= William Marsh (priest) =

British priest and writer

William Marsh (1775–1864) was a British priest in the Church of England and a writer of theological publications, in the 19th century. He was the vicar in St Peters, Colchester where his daughter, Catherine Marsh, the writer was born.

==Life==

===Early years===
He was the third son of Catherine (born Case) and Colonel Sir Charles Marsh of Reading. He was born on 20 July 1775, and educated at Reading Grammar School, under Richard Valpy. He was moved by witnessing the sudden death of a young man in a ball-room. Under the influence of the Rev. William Bromley Cadogan of St Giles's Church, Reading, he decided to abandon plans for a military career, and go into the Church.

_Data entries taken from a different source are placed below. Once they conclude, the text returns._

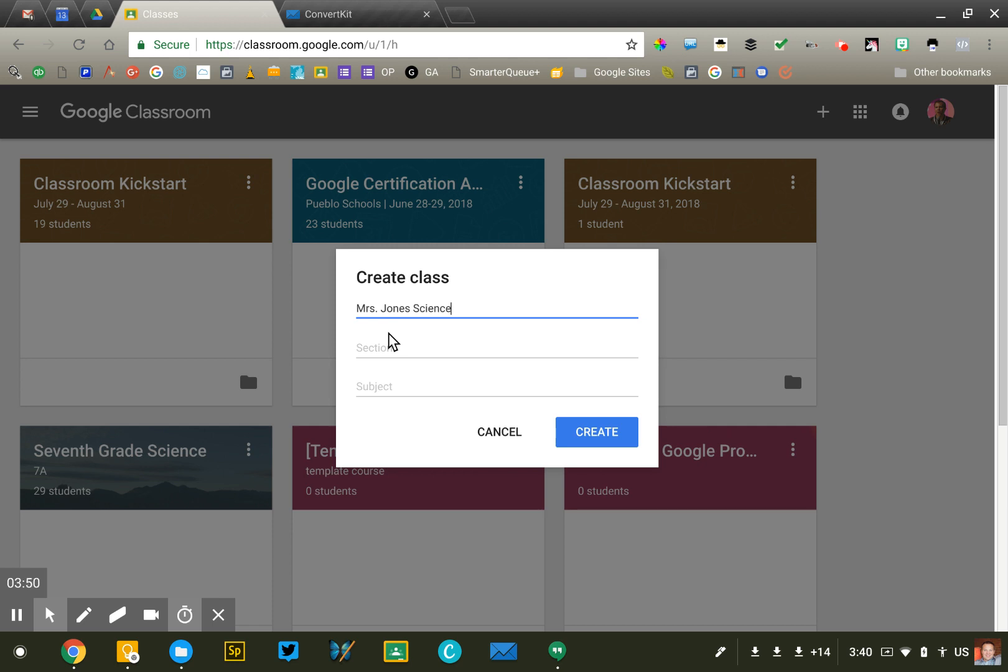If you're not going to use Classroom for everything every day, then you can probably get away with just creating one class, Mrs. Jones, and you can use the topic feature that we'll look at later to divide up your subjects and make them easier for students to find and navigate.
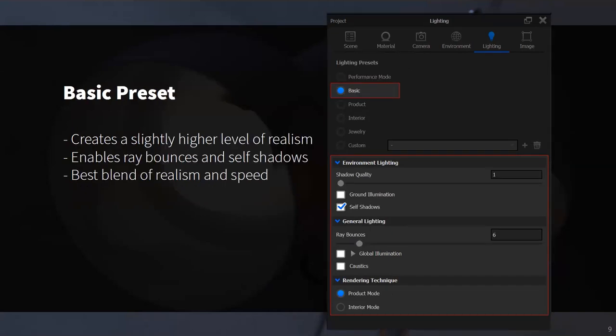The next preset is basic, which enables ray bounces and self shadows to create a slightly higher level of realism. This is the output that rendered images revert to if you try and render with performance setting enabled. Basic is a pretty solid starting point — if I'm looking for a quick turnaround, I use this to speed things up and still keep a decent level of realism. If your goal is to get images out quickly for design reviews or quick comps, this is definitely the setting to start with.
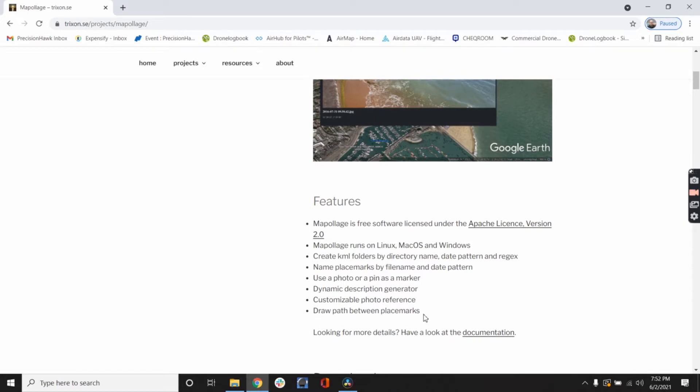You can draw a path between the placemarks, customizable photo reference, dynamic description generator, use a photo or a pin as a marker, name placemarks by file name or date pattern. So a lot of different stuff you can do.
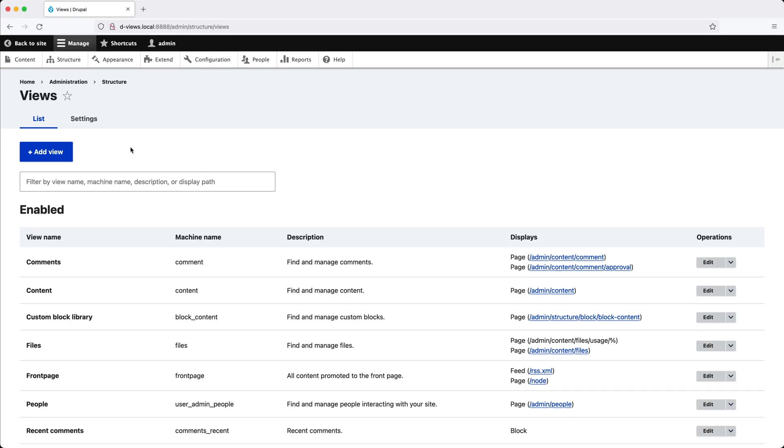In the previous video, you learned about what the Views module does, and we also looked at the Views interface. Now it's time to build an actual view. What we're going to do right now is create a view called Latest Articles, and this view will display published articles.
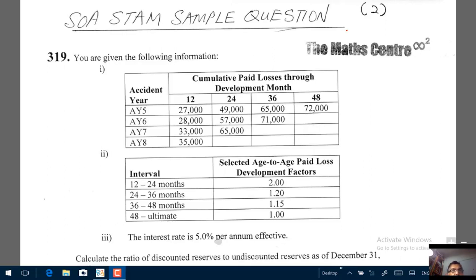Hi everyone. In this video we are going to look at an STAM sample question. You will find this on the SOA website — this is question number 319. It deals with discounted reserves.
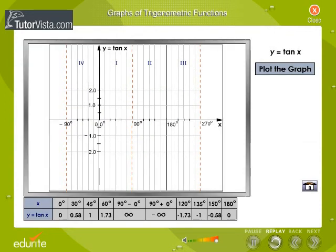We know that the function y equals tan x is periodic with period pi radians equals 180 degrees. Therefore, it is sufficient to sketch the graph of y equals tan x only for an interval 0 to pi.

Marsh matriculated at St Edmund Hall, Oxford on 10 October 1797, graduating B.A. in 1801, M.A. 1807, and B.D. and D.D. in 1839. At Christmas 1800 he was ordained to the curacy of St. Lawrence, Reading, and was soon known as an impressive preacher of evangelical doctrines.

===Life in the church===
In 1801 Thomas Stonor, father of Thomas, Lord Camoys, gave him the chapelry of Nettlebed in Oxfordshire. His father presented him to the united livings of Basildon and Ashampstead in Berkshire in 1802, when he resigned Nettlebed, but retained the curacy of St. Lawrence, which he served gratuitously for many years. The Rev. Charles Simeon paid a first visit to Basildon in 1807, and was from that time a friend and correspondent of Marsh. In 1809, with the consent of his bishop, he became vicar of St. James's, Brighton, but the vicar of Brighton, Dr. R. C. Carr, afterwards bishop of Worcester, refused his assent to this arrangement, and after some months Marsh resigned. Simeon presented him to St. Peter's, Colchester, in 1814. His attention was early called by Simeon to the subject of the conversion of the Jews, and in 1818 he went with him to the Netherlands to enquire into their condition in that country.

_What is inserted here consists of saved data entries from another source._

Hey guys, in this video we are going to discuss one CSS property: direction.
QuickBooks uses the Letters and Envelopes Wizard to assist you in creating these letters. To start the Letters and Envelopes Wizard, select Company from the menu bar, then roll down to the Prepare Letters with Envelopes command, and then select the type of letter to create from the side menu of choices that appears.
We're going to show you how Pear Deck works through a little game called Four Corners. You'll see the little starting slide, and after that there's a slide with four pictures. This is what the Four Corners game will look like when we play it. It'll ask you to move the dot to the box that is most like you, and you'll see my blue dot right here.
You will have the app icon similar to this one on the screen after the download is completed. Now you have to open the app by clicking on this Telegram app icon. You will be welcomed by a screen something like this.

Ill-health obliged him in 1829 to leave Colchester, and in October of the same year he accepted the rectory of St. Thomas, Birmingham, where from the frequent subject of his sermons he came to be known as 'Millennial Marsh'. Early in 1837 he was appointed principal official and commissary of the royal peculiar of the deanery of Bridgnorth; and in 1839, finally leaving Birmingham, he became incumbent of St. Mary, Leamington.

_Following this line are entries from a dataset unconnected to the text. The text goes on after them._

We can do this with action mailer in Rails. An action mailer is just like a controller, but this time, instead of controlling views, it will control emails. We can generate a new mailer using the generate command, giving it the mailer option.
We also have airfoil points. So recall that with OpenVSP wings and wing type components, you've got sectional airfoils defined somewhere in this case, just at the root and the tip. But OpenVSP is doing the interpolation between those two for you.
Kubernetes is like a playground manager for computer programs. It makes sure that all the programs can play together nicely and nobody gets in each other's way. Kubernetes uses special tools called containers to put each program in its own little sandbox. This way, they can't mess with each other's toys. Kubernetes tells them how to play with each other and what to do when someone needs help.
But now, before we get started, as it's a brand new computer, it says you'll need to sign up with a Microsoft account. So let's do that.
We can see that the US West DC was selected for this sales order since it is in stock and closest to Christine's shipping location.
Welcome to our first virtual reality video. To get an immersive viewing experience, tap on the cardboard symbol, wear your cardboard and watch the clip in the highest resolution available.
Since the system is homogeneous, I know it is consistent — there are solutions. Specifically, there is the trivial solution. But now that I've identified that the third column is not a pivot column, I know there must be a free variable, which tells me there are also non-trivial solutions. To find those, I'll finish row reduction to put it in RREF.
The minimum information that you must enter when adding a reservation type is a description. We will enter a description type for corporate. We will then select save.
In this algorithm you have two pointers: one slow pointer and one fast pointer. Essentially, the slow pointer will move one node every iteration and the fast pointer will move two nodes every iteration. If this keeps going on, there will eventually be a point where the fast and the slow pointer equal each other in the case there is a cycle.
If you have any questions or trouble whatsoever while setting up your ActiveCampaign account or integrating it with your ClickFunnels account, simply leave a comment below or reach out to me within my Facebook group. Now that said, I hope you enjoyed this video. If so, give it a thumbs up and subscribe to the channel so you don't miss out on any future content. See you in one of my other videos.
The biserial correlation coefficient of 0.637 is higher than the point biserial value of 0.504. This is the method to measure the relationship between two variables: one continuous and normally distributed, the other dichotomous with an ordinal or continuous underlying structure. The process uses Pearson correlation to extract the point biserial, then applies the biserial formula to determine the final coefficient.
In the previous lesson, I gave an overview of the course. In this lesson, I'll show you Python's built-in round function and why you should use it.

===Later years and legacy===
From 1848 he was an honorary canon of Worcester, and from 1860 to his death rector of Beddington, Surrey. Few men preached a greater number of sermons. His conciliatory manners gained him friends among all denominations. He died at Beddington rectory on 24 August 1864.

==Works==
Besides numerous addresses, lectures, single sermons, speeches, introductions, and prefaces, Marsh printed:

1. A Short Catechism on the Collects, Colchester, 1821; third ed. 1824.
2. Select Passages from the Sermons and Conversations of a Clergyman [i.e. W. Marsh], 1823; another ed. 1828.
3. The Criterion. By J. Douglas, revised and abridged, 1824.
4. A few Plain Thoughts on Prophecy, particularly as it relates to the Latter Days, Colchester, 1840; third ed. 1843.
5. The Jews, or the Voice of the New Testament concerning them, Leamington, 1841.
6. Justification, or a Short Easy Method of ascertaining the Scriptural View of that important Doctrine, 1842.
7. Passages from Letters by a Clergyman on Jewish Prophetical and Scriptural Subjects, 1845.
8. The Church of Rome in the Days of St. Paul, lectures, 1853; two numbers only.
9. Invitation to United Prayer for the Outpouring of the Holy Spirit, 1854. Similar invitations were issued in 1857, 1859, 1862, and 1863.
10. The Right Choice, or the Difference between Worldly Diversions and Rational Recreations, 1857; another ed. 1859.
11. The Duty and Privilege of Prayer, 1859.
12. Eighty-sixth Birthday. Address on Spiritual Prosperity, 1861.
13. An Earnest Exhortation to Christians to Pray for the Pope, 1864.
14. A Brief Exposition of St. Paul's Epistle to the Romans, 1865.

==Family==
Marsh was married three times: first, in November 1806, to Maria, daughter of John Tilson and sister of Christopher Chowne—she died 24 July 1833; secondly, on 21 April 1840, to Lady Louisa, third daughter of Charles, first earl of Cadogan—she died in August 1843; thirdly, on 3 March 1848, to the Honourable Louisa Horatia Powys, seventh daughter of Thomas Powys, 2nd Baron Lilford. Mackenzie Dalzell Chalmers was his grandson. He had five children and the fourth Catherine Marsh lived with him. She would write his biography and before he died she began her success as a published author.